> ASSIGNMENT
Please repeat exactly the lines from the one containing "Vladimír Václavek s kamarádkou" through the last line of the records, both included, and nothing else, leaving out any pictures.

*** RECORD SET

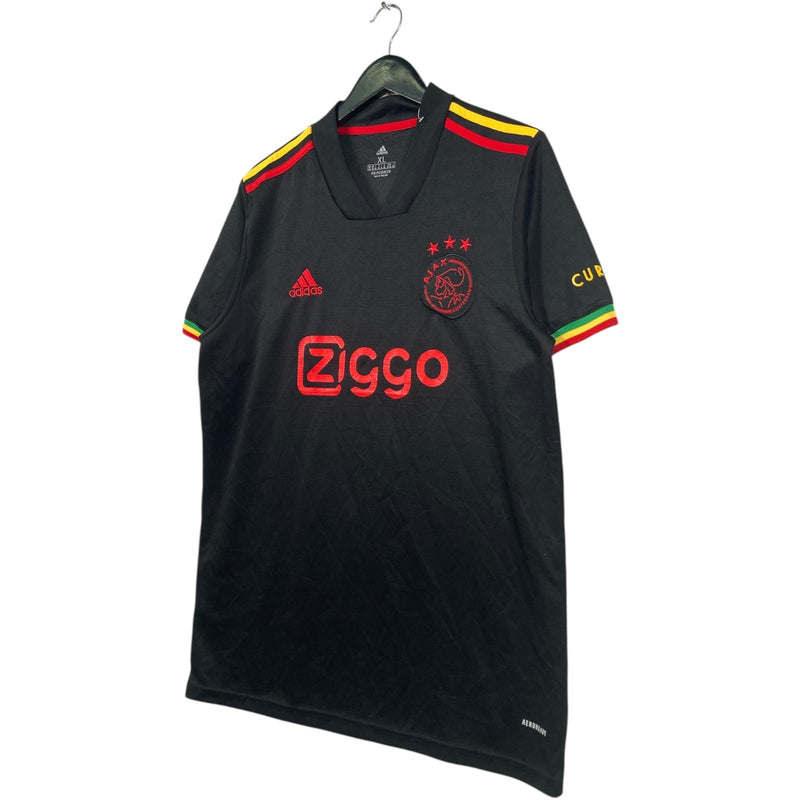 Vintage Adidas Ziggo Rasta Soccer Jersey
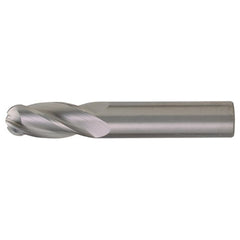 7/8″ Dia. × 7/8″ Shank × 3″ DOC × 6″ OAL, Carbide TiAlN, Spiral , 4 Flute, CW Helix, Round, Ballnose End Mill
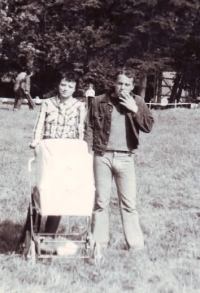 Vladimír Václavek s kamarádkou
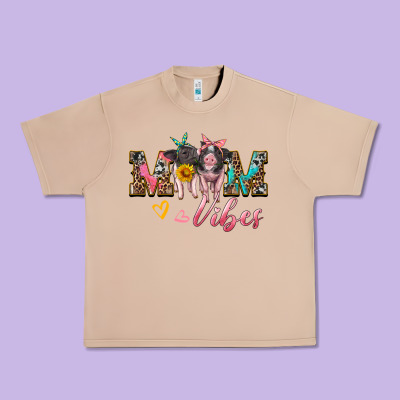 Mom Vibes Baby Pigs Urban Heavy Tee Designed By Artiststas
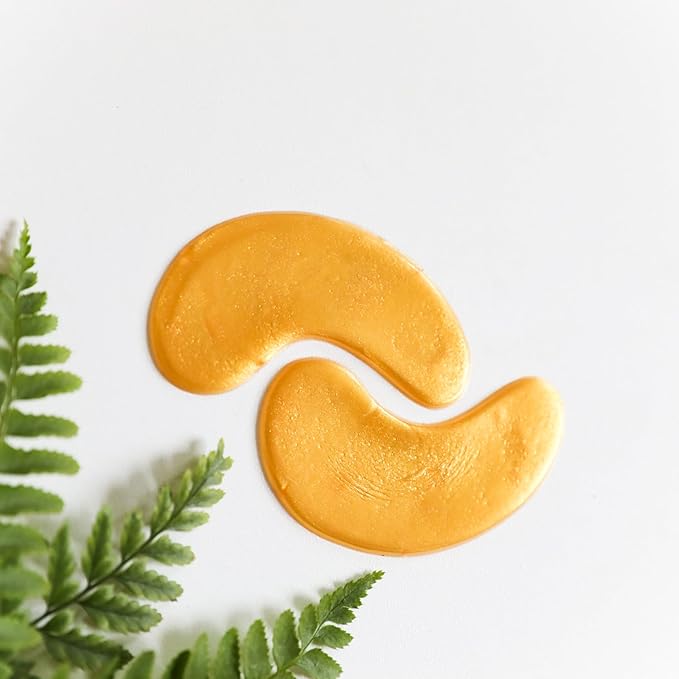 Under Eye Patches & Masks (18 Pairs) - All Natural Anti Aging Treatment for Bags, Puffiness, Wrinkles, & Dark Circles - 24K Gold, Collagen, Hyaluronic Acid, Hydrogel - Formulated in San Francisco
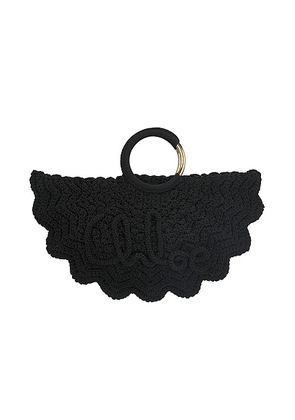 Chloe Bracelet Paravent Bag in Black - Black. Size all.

******

> EXERCISE RESULT
 Vladimír Václavek s kamarádkou
 Mom Vibes Baby Pigs Urban Heavy Tee Designed By Artiststas
 Under Eye Patches & Masks (18 Pairs) - All Natural Anti Aging Treatment for Bags, Puffiness, Wrinkles, & Dark Circles - 24K Gold, Collagen, Hyaluronic Acid, Hydrogel - Formulated in San Francisco
 Chloe Bracelet Paravent Bag in Black - Black. Size all.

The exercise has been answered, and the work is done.